Published: March 25, 2014 2:23 AM

Filipino-Australian novelist, poet and playwright Merlinda Bobis will present two free talks and perform a one-woman play, “River, River,” during her visit to Case Western Reserve University, April 5-13.
Bobis, who was born in the Philippines but now lives in Australia, has written three novels, five poetry books, seven dramatic works for stage and radio, a collection of short stories and publications in academic journals about her research interests of transnational, postcolonial and migrant writing.  She chairs the Creative Writing Program at the University of Wollongong in Australia.
Her work has been recognized with various awards: the Prix Italia, the Steele Rudd Award for the Best Published Collection of Australian Short Stories, the Philippine National Book Award, and the Australian Writers’ Guild Award.
The public is invited to hear Bobis during two lectures, on Tuesday, April 8, and Wednesday, April 9. Both are at 4 p.m. in room 309 of Clark Hall, 11300 Bellflower Rd. on the Case Western Reserve campus.
The Tuesday lecture, “In Search of ‘Corazon de Lorca’:  What is Lost/What is Found,” explores the cross-cultural challenges Bobis faced in her research travels to Granada to create the fictional documentary play about the celebrated Spanish poet and dramatist, Frederico Garcia Lorca.

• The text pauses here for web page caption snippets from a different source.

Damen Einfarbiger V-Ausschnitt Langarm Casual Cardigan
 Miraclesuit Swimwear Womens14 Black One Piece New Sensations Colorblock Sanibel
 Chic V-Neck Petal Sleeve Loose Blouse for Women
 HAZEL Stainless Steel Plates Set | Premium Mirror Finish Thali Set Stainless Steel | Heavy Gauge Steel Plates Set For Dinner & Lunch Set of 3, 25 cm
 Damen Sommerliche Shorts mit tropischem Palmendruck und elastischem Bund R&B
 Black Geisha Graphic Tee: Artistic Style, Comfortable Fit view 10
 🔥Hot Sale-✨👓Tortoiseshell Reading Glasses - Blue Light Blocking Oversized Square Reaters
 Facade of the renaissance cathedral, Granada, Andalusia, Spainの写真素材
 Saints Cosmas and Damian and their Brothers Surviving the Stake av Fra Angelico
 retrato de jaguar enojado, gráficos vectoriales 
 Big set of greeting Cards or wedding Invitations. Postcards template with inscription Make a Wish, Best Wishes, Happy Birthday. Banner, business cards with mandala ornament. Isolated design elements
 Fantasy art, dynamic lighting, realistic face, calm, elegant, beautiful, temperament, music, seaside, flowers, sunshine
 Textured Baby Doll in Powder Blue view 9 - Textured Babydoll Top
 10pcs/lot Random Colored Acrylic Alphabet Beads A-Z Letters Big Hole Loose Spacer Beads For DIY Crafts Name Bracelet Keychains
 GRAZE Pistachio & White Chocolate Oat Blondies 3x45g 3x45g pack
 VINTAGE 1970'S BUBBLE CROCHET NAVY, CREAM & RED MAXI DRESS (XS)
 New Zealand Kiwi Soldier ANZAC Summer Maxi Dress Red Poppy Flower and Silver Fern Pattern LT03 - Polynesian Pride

The Wednesday lecture, "River, River": "Passion to Pasyon: Playing Militarism,"   sets the stage for Bobis’ one-woman play, which was adapted from her novel, Fish- Hair Woman, and draws from her experiences of the Philippine Total War.
Bobis will perform “River, River” on Thursday at 6 p.m. in Allen Memorial Library’s Ford Auditorium, 11000 Euclid Ave. The play is also free and open to the public.
River, River’s main character, Estrella Capili, the “fish-hair woman,” uses her long hair to trawl corpses from the river, which has become the dumping ground for executed victims from the militarized village of Iraya. But as each body is thrown in the flowing river, the water changes its flavor from sweet to salty to lemon grass. Her story unfolds through storytelling, drama, poetry, ritual and music, based on the Pasyon, the chanting ritual of the "The Passion of Christ" during Holy Week celebrations in the Philippines.
The ACES McBride Lectureship, the Department of Modern Languages and Literatures Speakers’ Series, the Department of English, Ethnic Studies Program, Women and Gender Studies Program and the Flora Stone Mather Center for Women are cosponsors of Bobis’ visit.